When a period film insists upon itself, it CAN feel like whatever we consider “definitive.” In my opinion, that’s for the benefit of people who don’t feel like reading the source material. OF COURSE you want something as close to the page as possible – you’ve never seen the page! What are you, a high schooler trying to get out of doing your homework?
If I’ve read a book and the adaptation closely hews to the same beats, I end up fast forwarding through half the scenes. An adaptation that doesn’t realize when it’s uselessly droning is not doing its job!!
Maybe I’ve just seen too many movies.
Maybe I’ve seen so many goddamn movies that it’s not enough for an adaptation to just tell a story, the way its source material told a story. I need it to say something about the story.
Tell me something new. You don’t have to wink at me, you don’t have to be ironic. But I need you to say SOMETHING.
That scene in Emma. (2020) where Emma (Anya Taylor-Joy) comes to the boarding house to visit Harriet (Mia Goth) and all the boarders go into a tizzy because Emma Woodhouse is blessing them with her presence? What an ingenious way to deepen the source material!
All the pornographic Edwardian shows with their 2000s fashion and soundtracks and lingo? Why not!
The Favourite (2018) reading a postmodern feminist fantasy into 1700s British court, like some exegetic Midrashic reading? Brilliant!
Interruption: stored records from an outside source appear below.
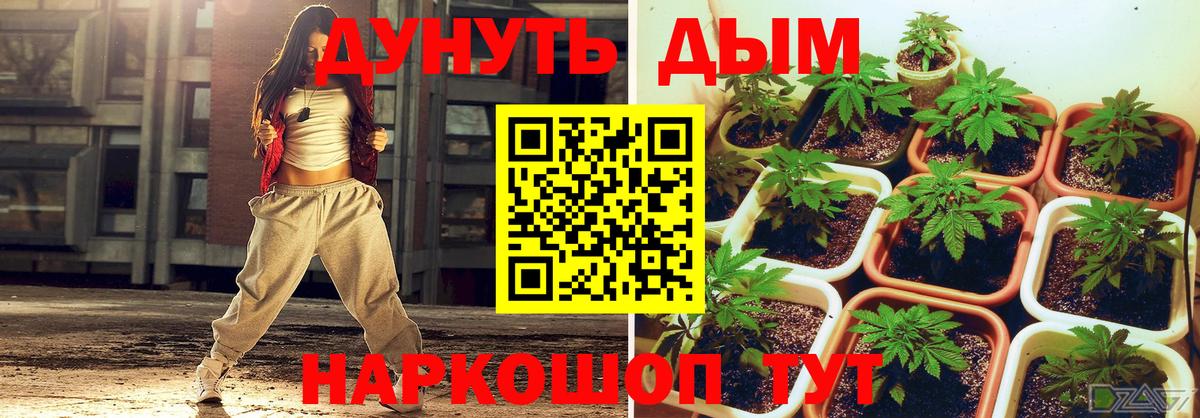 Каннабис Amnesia Артём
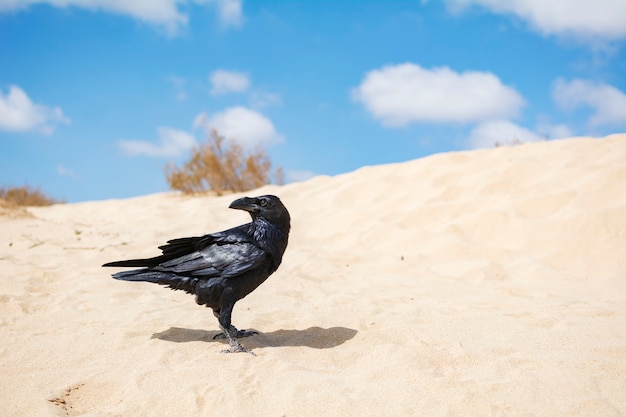 Alas negras...  y Dunas  --- Cuervos  Sylva Arena Hermoso-cuervo-negro-posado-arena-desierto_130088-17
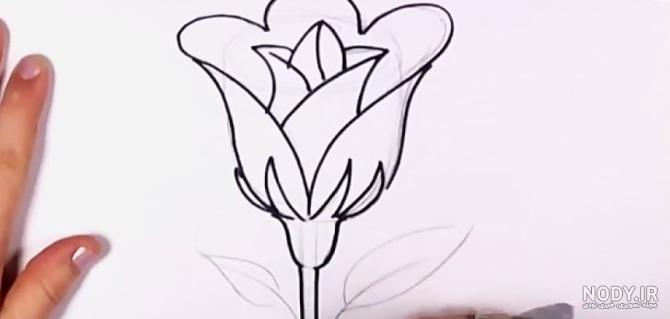 مجموعه عکس گل لاله قرمز برای نقاشی (جدید)
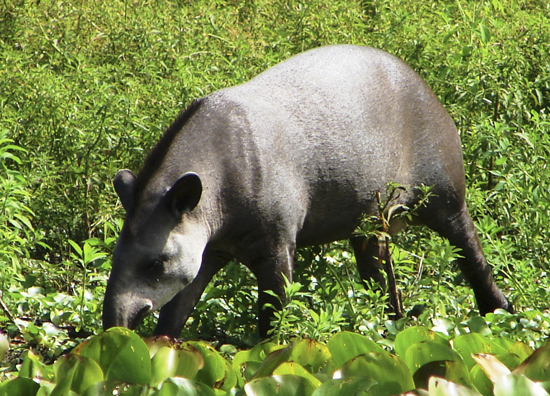 Manada de Cavalos Pantaneiros em uma Fazenda do Pantanal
Personally, I love the idea of a high school student in the year 2060 learning Persuasion, trying to circumvent reading the actual thing by watching five different movies instead, coming to the 2022 version, and just being like, Man, the 2020s were a weird time for humanity.
Omg yes!! This is why I roll my eyes into the back of my head whenever someone argues that period films that are otherwise full of anachronisms must only cast white actors and reflect dated gender norms. In the words of Harrison Ford, “Hey kid, it ain't that kind of movie.” (Unless, of course, it is the equivalent of the BBC Austen films, which are great too!)